Com o mais recente e notável Sacanas Sem Lei (Inglourious Bastards no original), Quentin Tarantino volta a conquistar, merecidamente, a unanimidade da crítica nacional (e internacional). Fui ver o filme no passado fim-de-semana e, genericamente, estou de acordo com os (muitos) elogios que lhe foram dispensados.
Acusado injustamente de auto-indulgência (principalmente) no filme anterior, o magnífico e deliciosamente frívolo Death Proof – só as reflexões morais é que são pertinentes no cinema? -, Tarantino, desta vez, esmera-se sobretudo no fabuloso argumento, nos diálogos cortantes e geniais, e na criação e domínio perfeito dos momentos de tensão, visitados, não raras vezes, pelo peculiar e vertiginoso sentido de humor e de puro gozo com que o cineasta doseia insustentáveis ambientes de cortar à faca.
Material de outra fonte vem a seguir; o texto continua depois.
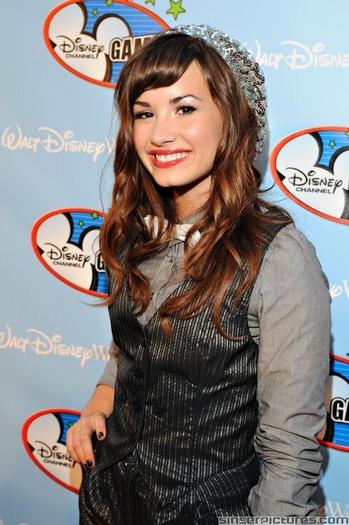 16703 - poze demi lovato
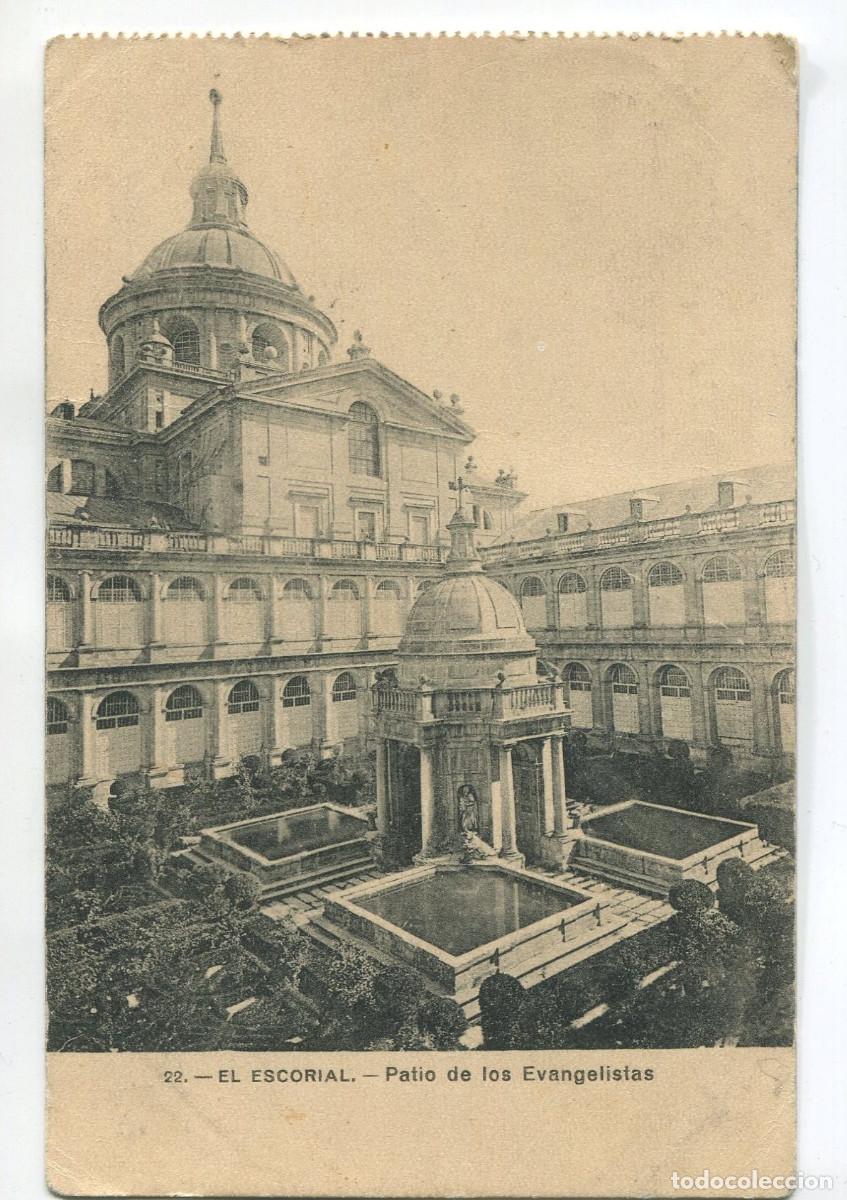 Postales: El Escorial, 1919. Patio de los Evangelistas. Fot. Lacoste, 22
Ficcionando, com o seu estilo particular, a história da «França ocupada» durante a Segunda Guerra Mundial, Tarantino vai buscar a sua inspiração aos filmes de aventuras, ao western-spaghetti de Sergio Leone ou aos filmes de guerra de série Z, reescrevendo, num ritmo endiabrado, violento (sou incapaz de esquecer o arrepio que senti quando os judeus americanos escalpam os nazis que matam), divertido ou, literalmente, incendiário, a sua visão alternativa da Segunda Grande Guerra.
Se todo o filme é magnífico, para mim bastava a encenação portentosa da morte da família judia de Shosanna ou essa criação admirável que é o caçador de judeus nazi, interpretado de forma assombrosa por Christoph Waltz, tão capaz de ser assustador e cruel como de se tornar o mais perfeito gentleman, para tornar Sacanas Sem Lei naquilo que ele, justamente, é: um divertimento delicioso e, simultaneamente, assustador, fruto do talento de um cineasta que manifesta uma inabalável fé no cinema, no poder das palavras e, sobretudo, no poder das imagens.